═══ DATA PROVIDED ═══

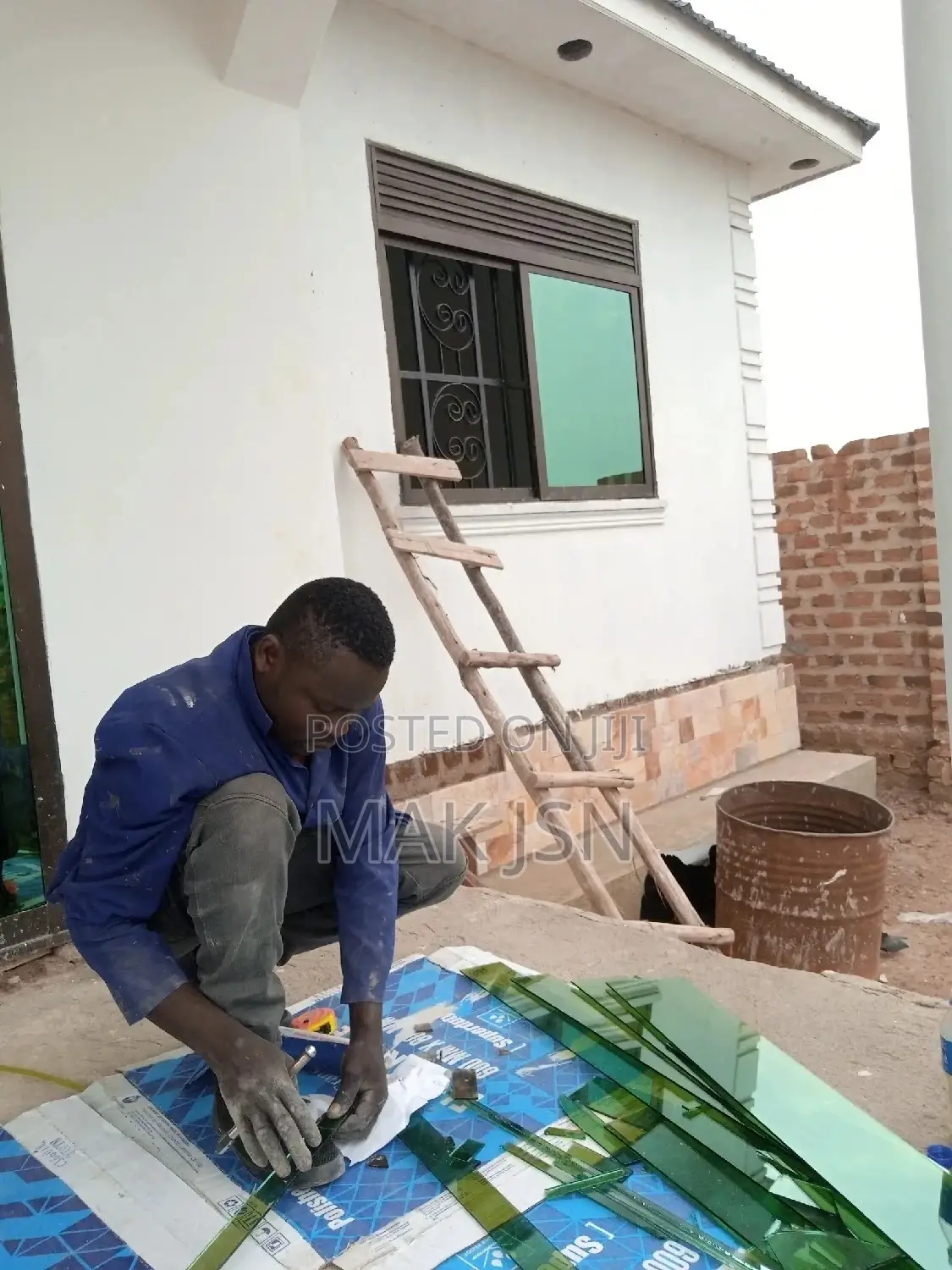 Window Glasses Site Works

═══
═══ DATA PROVIDED ═══

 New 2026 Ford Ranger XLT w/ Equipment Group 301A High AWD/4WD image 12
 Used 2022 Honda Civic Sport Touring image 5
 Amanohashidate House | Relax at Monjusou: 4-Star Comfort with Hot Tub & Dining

═══
═══ DATA PROVIDED ═══

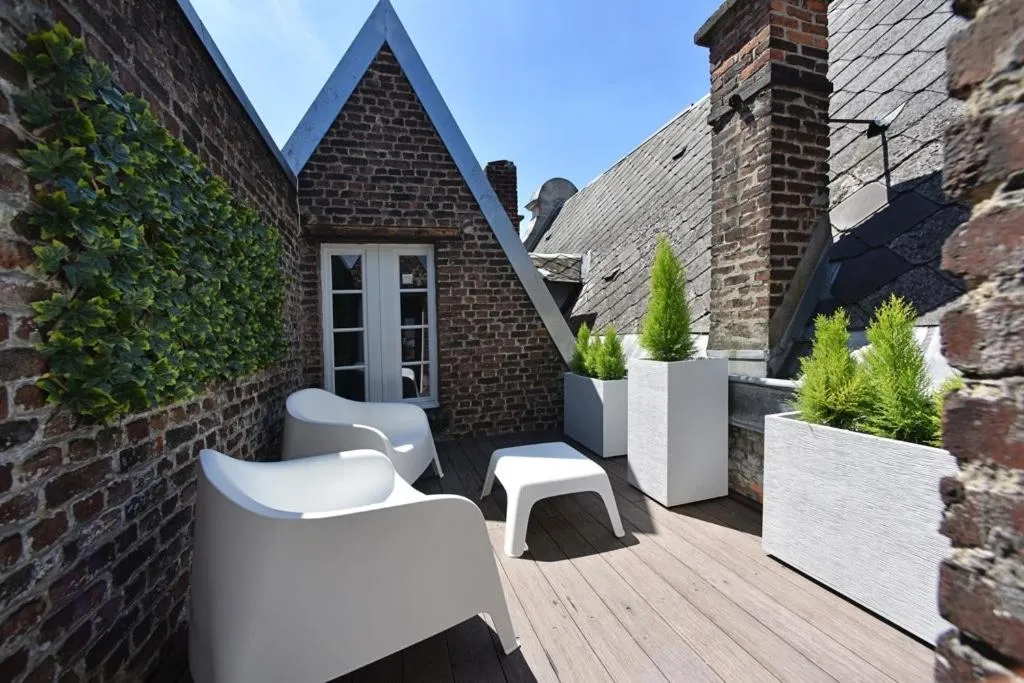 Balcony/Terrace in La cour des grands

═══

TO DO
Every line in the listing that holds the string "image" should be copied out.

TASK RESULT
 New 2026 Ford Ranger XLT w/ Equipment Group 301A High AWD/4WD image 12
 Used 2022 Honda Civic Sport Touring image 5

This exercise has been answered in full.